Ah, well, being paid to do the real beta testing and waiting so vendors can see the real final code! Those are the real "dot zero" adopters you speak of that know that everything at the last minute was changed and all their toil and hard work went to naught as they finally look - more than a few do rought outline and tests knowing though that they need to have bird in the hand to really test XYZ.
Users that plunge in of course can take one small extra step to protect them from their own folly and clone their system and setup a dual boot setup to run Lion and test ML.
I've been using Windows 8 now for over 9 months and I know some of what to expect, as do millions of others, and that the new RP really did make a lot of (serious) changes under the hood. I am shocked at what I thought was an abberition with 10.3, oh no, 10.4.0 also? and even 10.5.0 but wait, they learned and shipped 10.7.0 so it wouldn't brick a Boot Camp parition with Lion Recovery? No? really never tested for that scenerio or what would happen to Vista and XP owners ?
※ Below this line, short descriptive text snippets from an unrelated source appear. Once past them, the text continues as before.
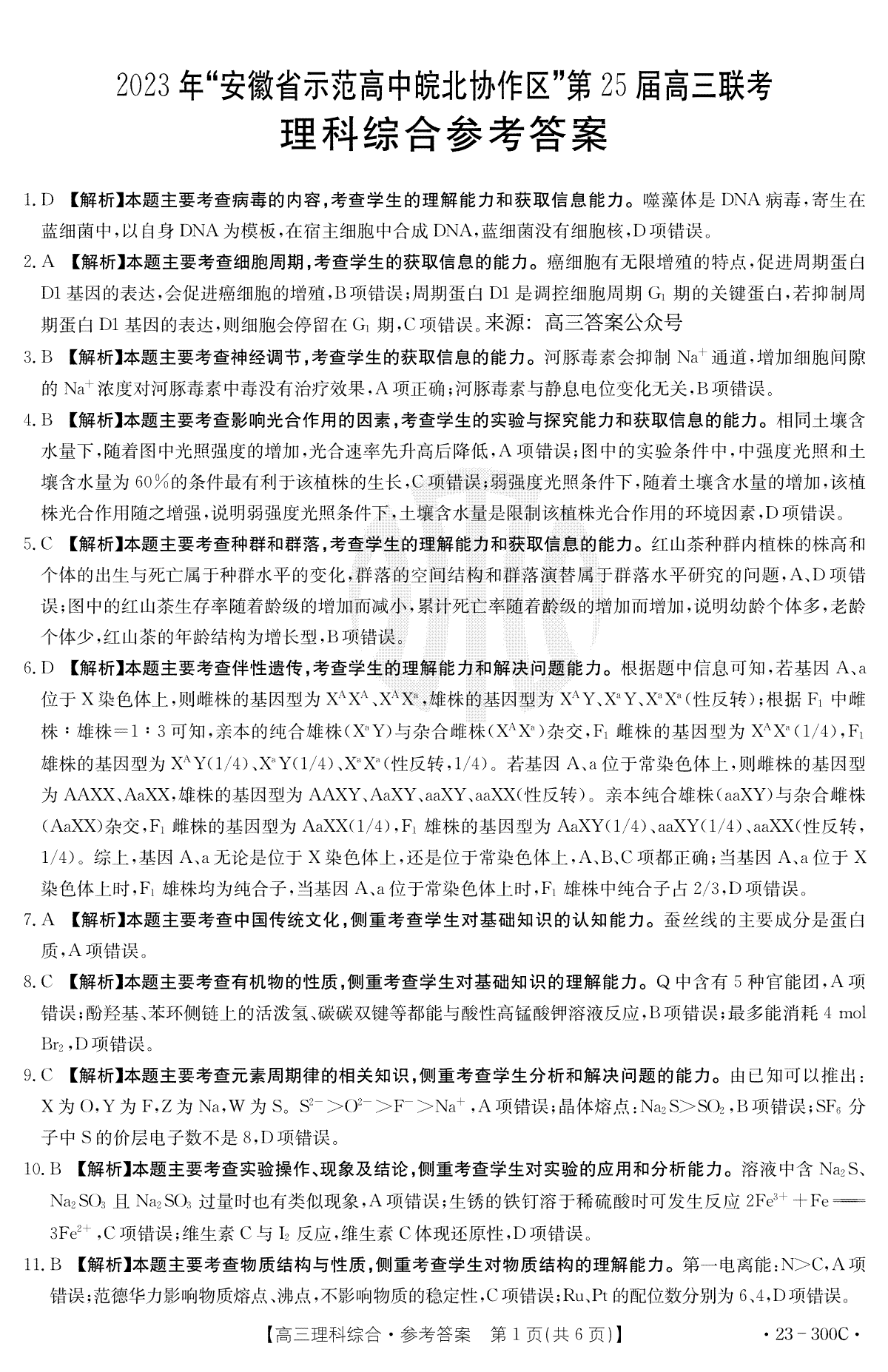 2023年安徽省示范高中皖北协作区第25届高三联考理综答案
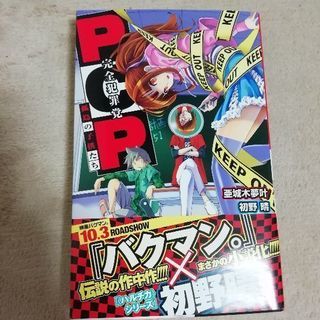 【値下げ済】バクマン。全20巻+作中小説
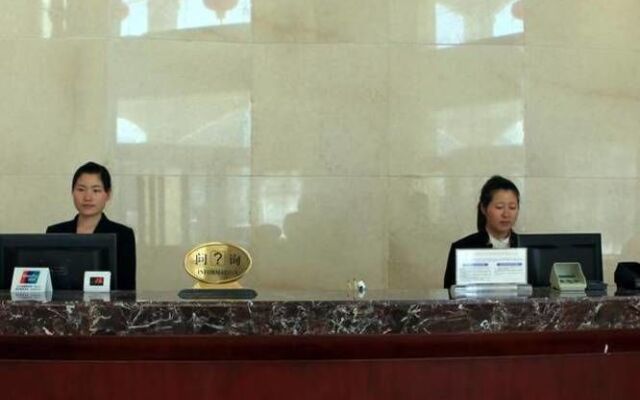 Shennongjia Hotel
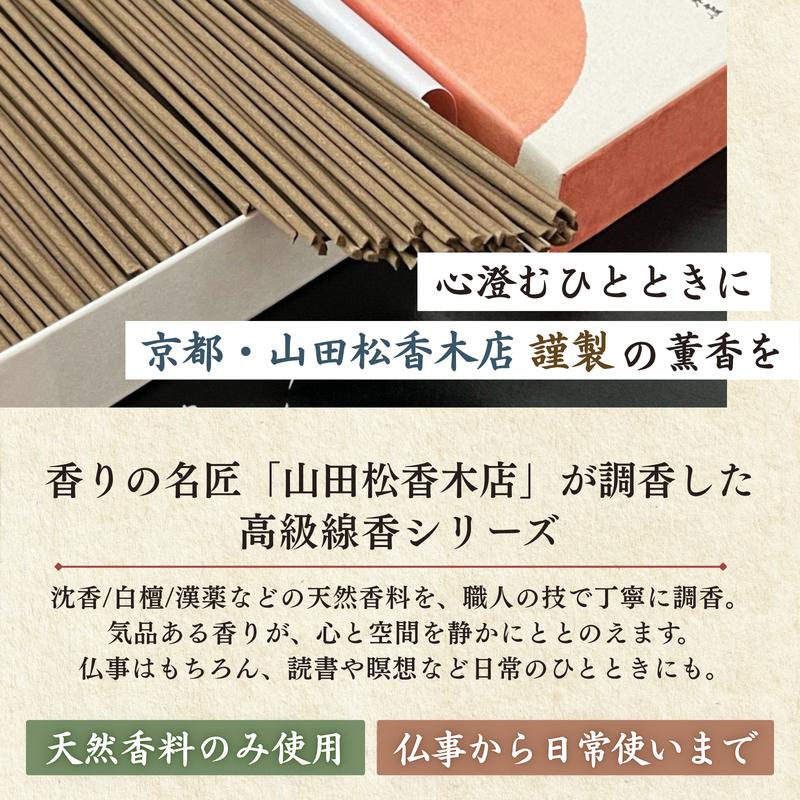 線香 白檀 山田松香木店 華陽 かよう 大箱 120g 老山白檀 マイソール産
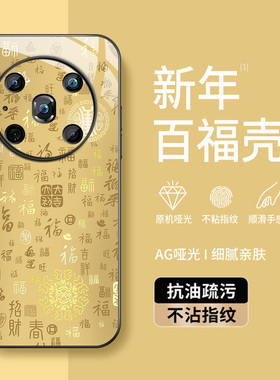 适用荣耀Magic5手机壳HONORmagic4新款保护套pro高级外壳华为镜头带防摔硅胶外套闪闪百福图马年男女AG磨砂壳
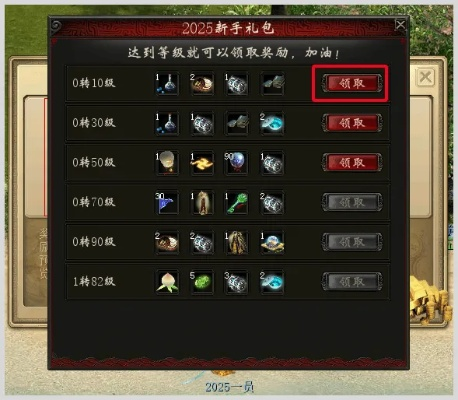 赤潮激活码和大话2单机版下载,深度分析解释定义 网页版1_v7.822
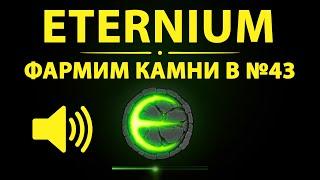 Eternium фарм камней и золота в 43 локации с голосом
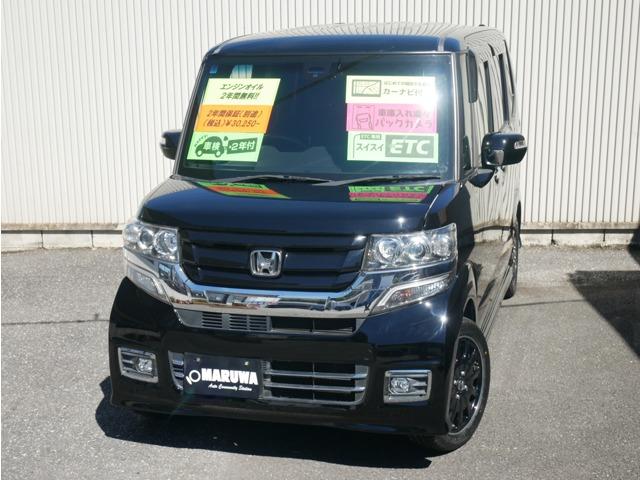 �z���_&nbsp;N-BOX�J�X�^�� 660 G �^�[�{SS�p�b�P�[�W �u���b�N�X�^�C�� �^�[�{ �X�}�[�g�L�[�ʐ^1����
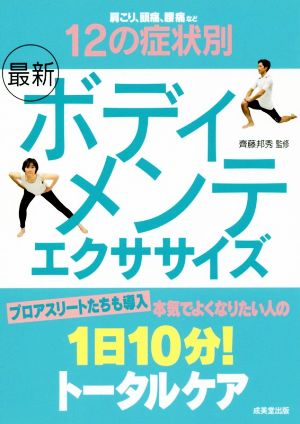 最新ボディメンテエクササイズ 12の症状別 1日10分！トータルケア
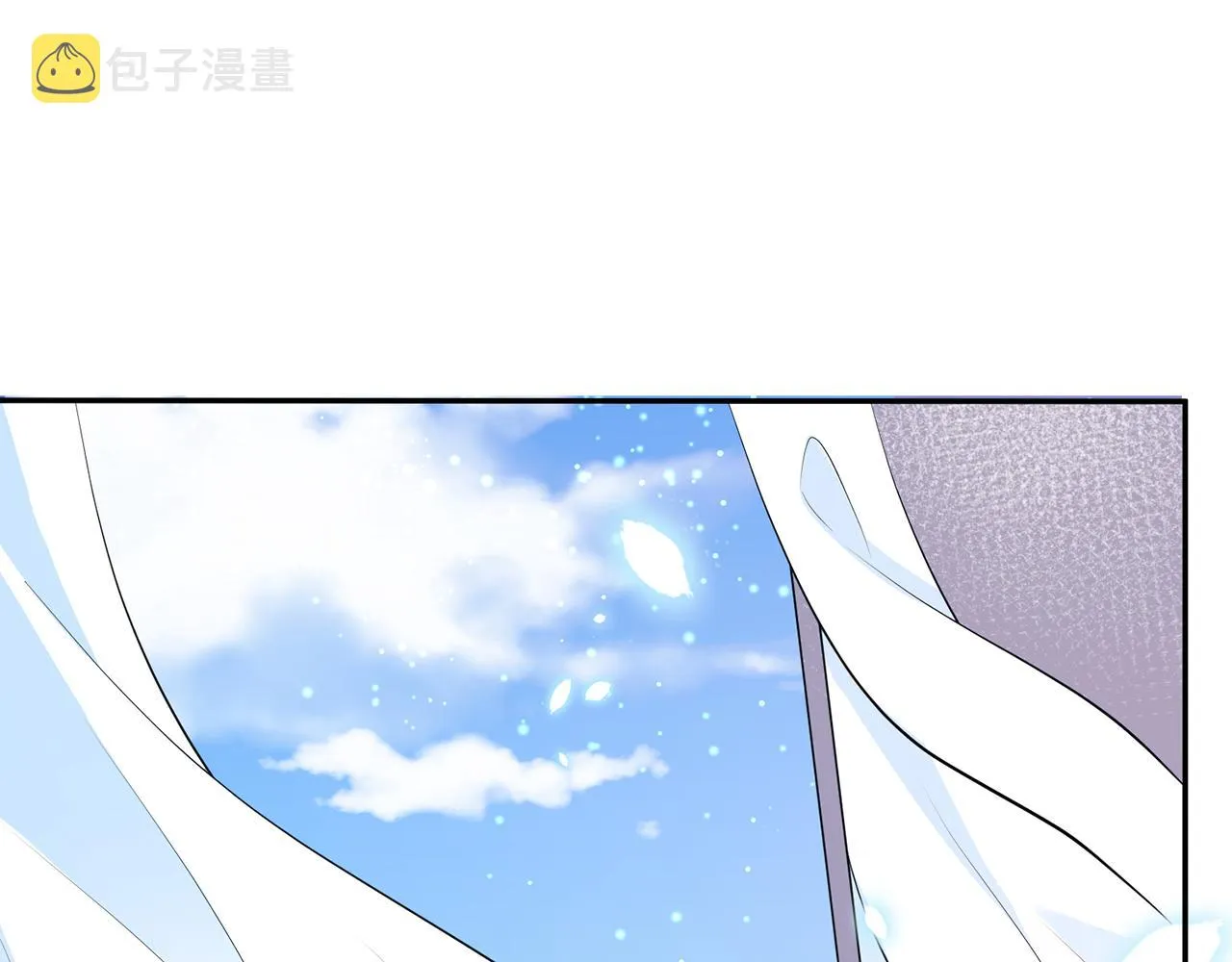 第351 兄弟反目 第4页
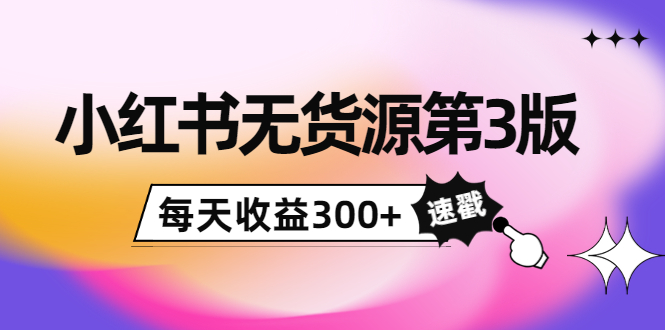 【副业项目4225期】绅白不白小红书无货源第3版，0投入起店，无脑图文精细化玩法，每天收益300+-青简副业网
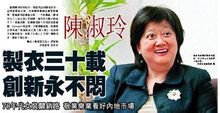 周陈淑玲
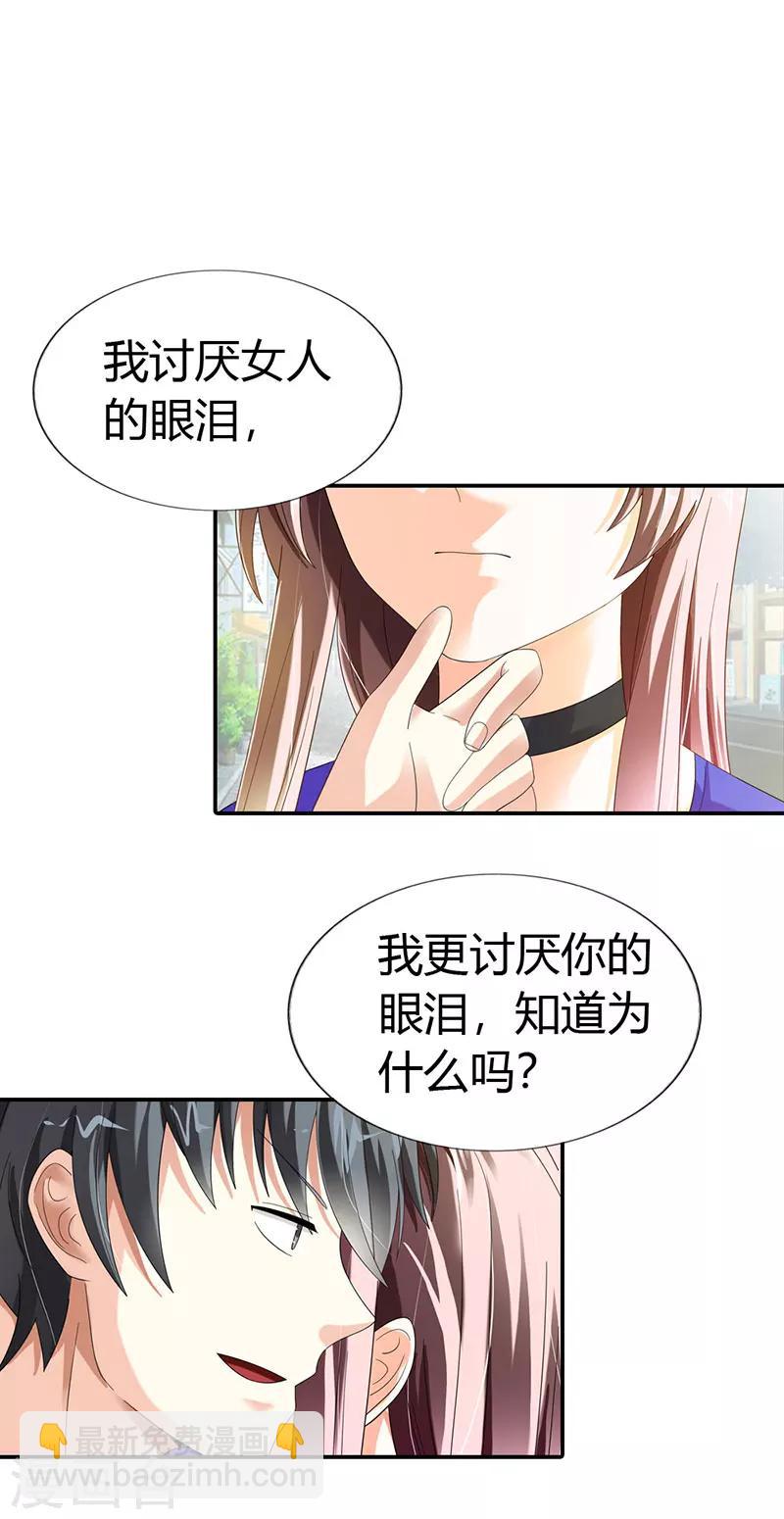 绯闻女友美剧百度百科漫画,第43话2图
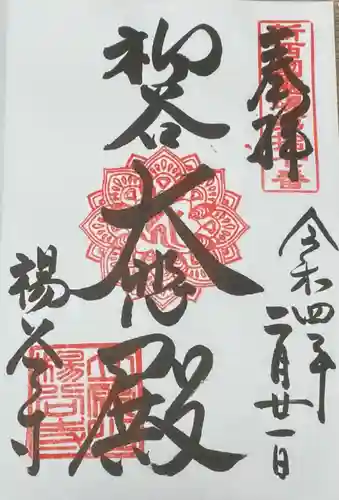 柳谷観音　楊谷寺の御朱印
Yes, most user errors can be minimized and almost but not entirely avoided with some backup plans and strategy and of course cloning the system.
When I installed 8 it could even "undo" and revert back to what was there before if I wanted, in place.
I do these things just to know what is hype and what is window dressing and to get ideas. At work we use to keep a small mainframe just for testing a parallel production system if possible and to run multiple opeating systems under MVS.
What Parallels did for Snow Leopard was nice, but I would liike to see SL have run Lion in full hardware VT mode or totally sandboxed.
I dread the first two weeks of forum chatter when the oohs and ahhs and head scratching hit.